The leverage block lets you set different leverage multipliers
for bull, bear, and sideways regimes (as labeled by the
trend detection block).
Shape
"risk_management": {
"leverage": {
"bull": 8,
"bear": 6,
"sideways": 4
}
}How it's applied
The engine picks the leverage matching the current trend state and sets it on the exchange before placing the entry (Binance, ByBit, BitMEX, Hyperliquid). It is clamped to your account-level max leverage first.
If Use exchange leverage setting is on, the engine does NOT set leverage at all; it inherits whatever leverage and margin mode you already configured on the venue (typically cross). This is the recommended mode for cross-margin traders, since the platform never overrides your account settings.

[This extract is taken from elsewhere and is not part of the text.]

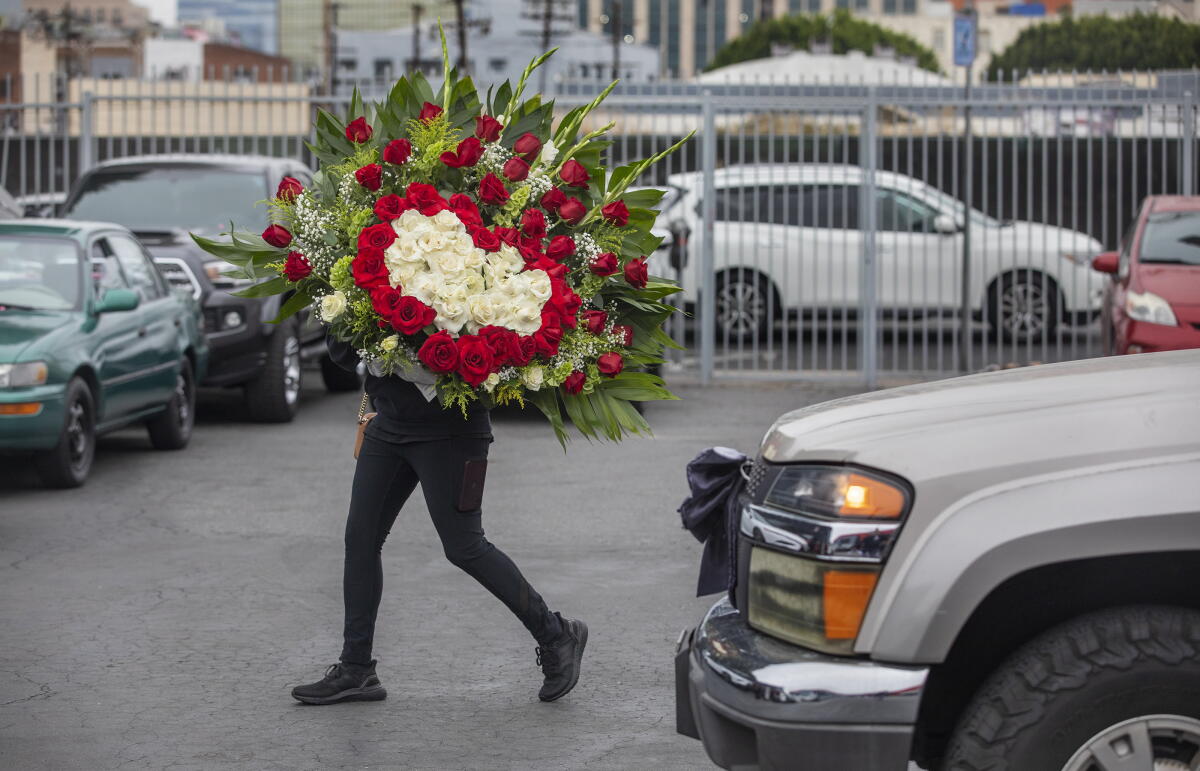 Flower Problem Flower shortage for Mother's Day blamed on COVID shutdowns - Los ...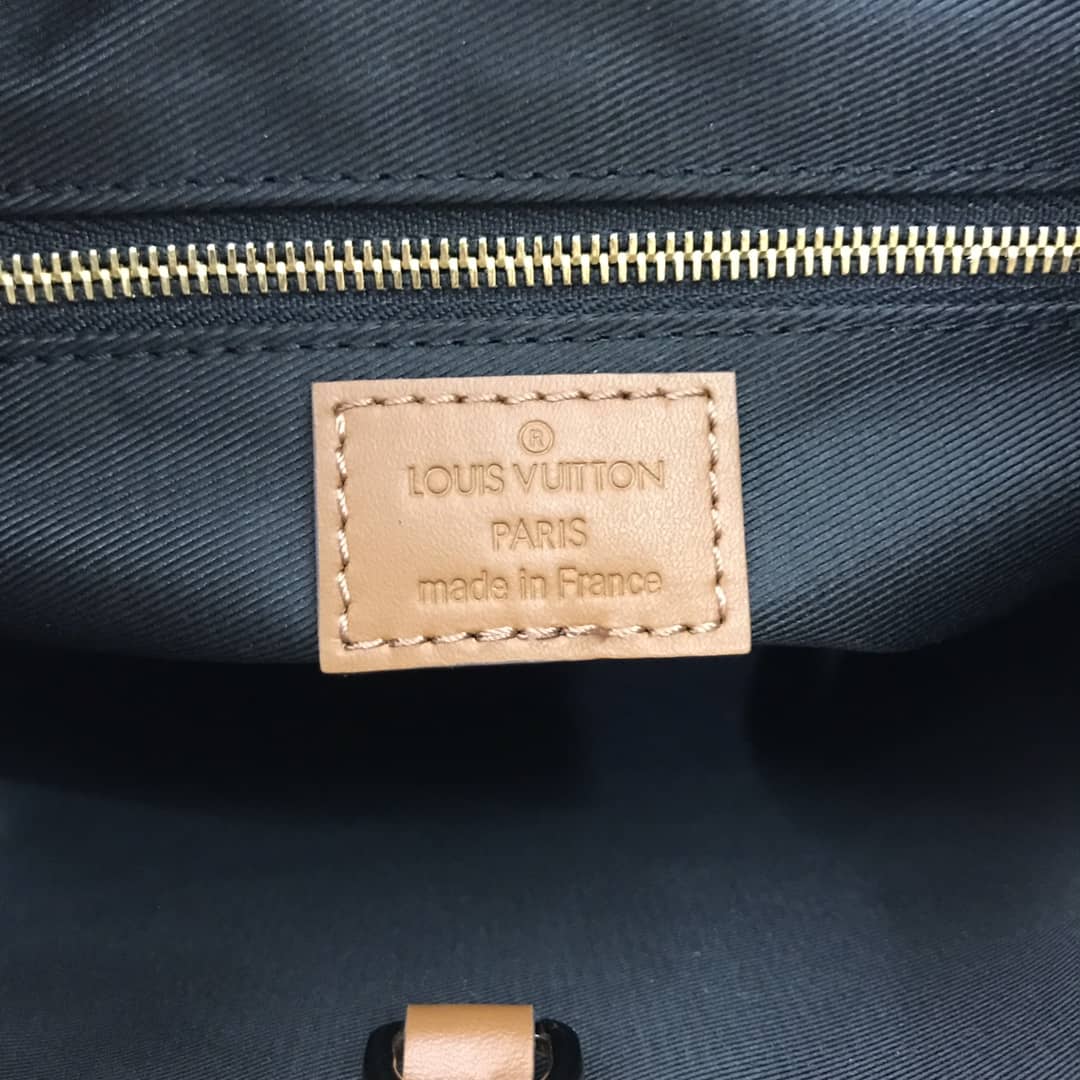 L0vis Vvtt0n Monogram Dauphine PM 2way Replica Hobo M45194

On futures venues (Interactive Brokers, Tradovate, TradeStation, cTrader) there is no per-order leverage knob; margin is SPAN-based per contract or set at the account level, so the leverage setting is ignored there regardless.
What leverage doesn't do
- Doesn't change your position size. Position size is decided by sizing; leverage affects margin requirement only.
- Doesn't change your dollar risk. A 10x leveraged 1 BTC long has the same exposure as a 1x leveraged 1 BTC long, just different margin.

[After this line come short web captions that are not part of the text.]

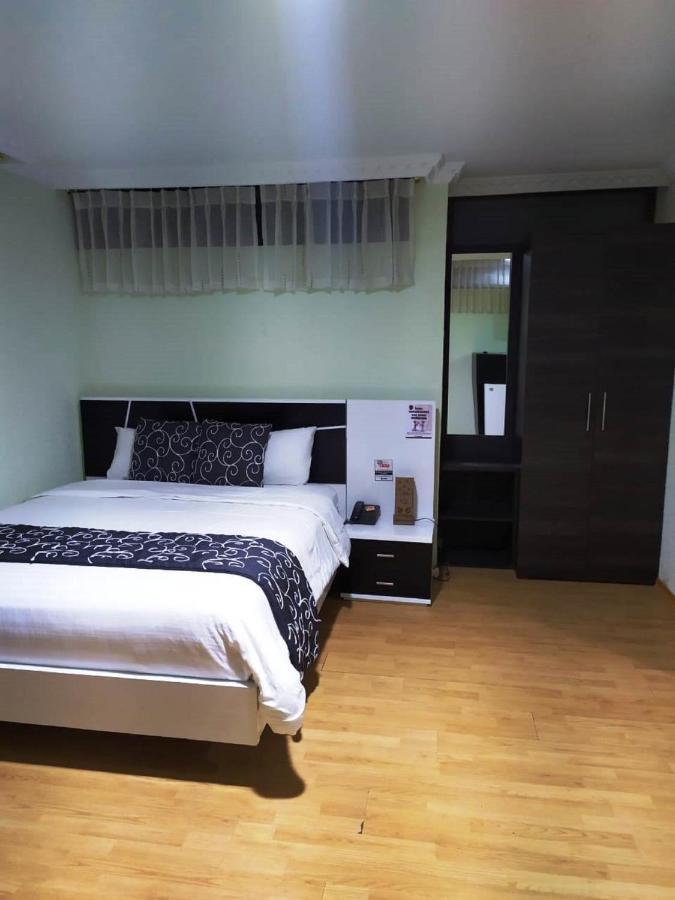 La Kapital Hotel Ambato Exteriör bild
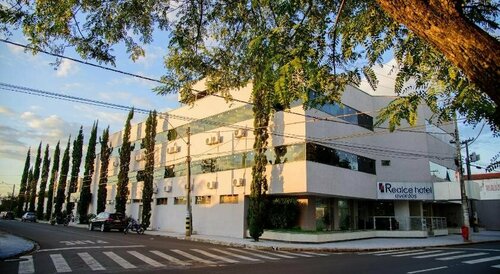 Realce Hotel, Забронировать Отель Отели Жау с парковкой, Парковка
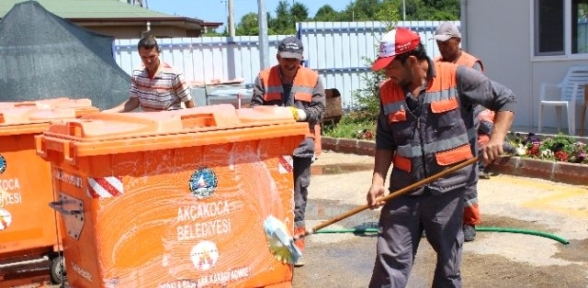 Mahallelerdeki Çöp Konteynerleri Dezenfekte Ediliyor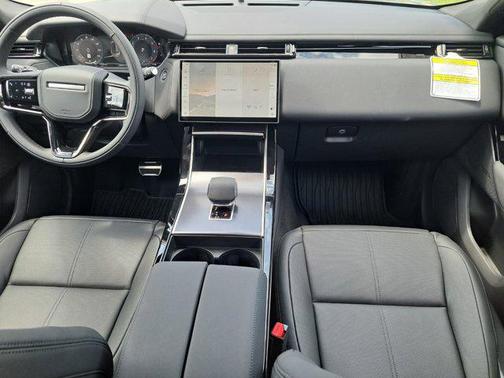 2026 Land Rover Range Rover Velar P400 Dynamic SE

- Doesn't apply to backtests in any way that affects P&L. Leverage affects liquidation calc, which the backtest engine doesn't model.
Per-regime intent
Higher leverage in trending regimes captures more move; lower leverage in sideways regimes caps damage from chop. Calibrate against your strategy's regime-classified P&L from backtests.
Pitfalls
- Exchange caps. Each exchange has a maximum leverage. The engine clamps; check logs for "leverage capped" warnings.
- Cross vs isolated margin is separate from leverage. See Margin and leverage.